▸ **WHAT YOU NEED TO DO**
Please output the whole listing below exactly as it is.

▸ **THE DATA**
____
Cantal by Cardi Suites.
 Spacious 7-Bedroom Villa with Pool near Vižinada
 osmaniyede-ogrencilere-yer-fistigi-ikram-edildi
____
▸ **EXERCISE OUTPUT**
Cantal by Cardi Suites.
 Spacious 7-Bedroom Villa with Pool near Vižinada
 osmaniyede-ogrencilere-yer-fistigi-ikram-edildi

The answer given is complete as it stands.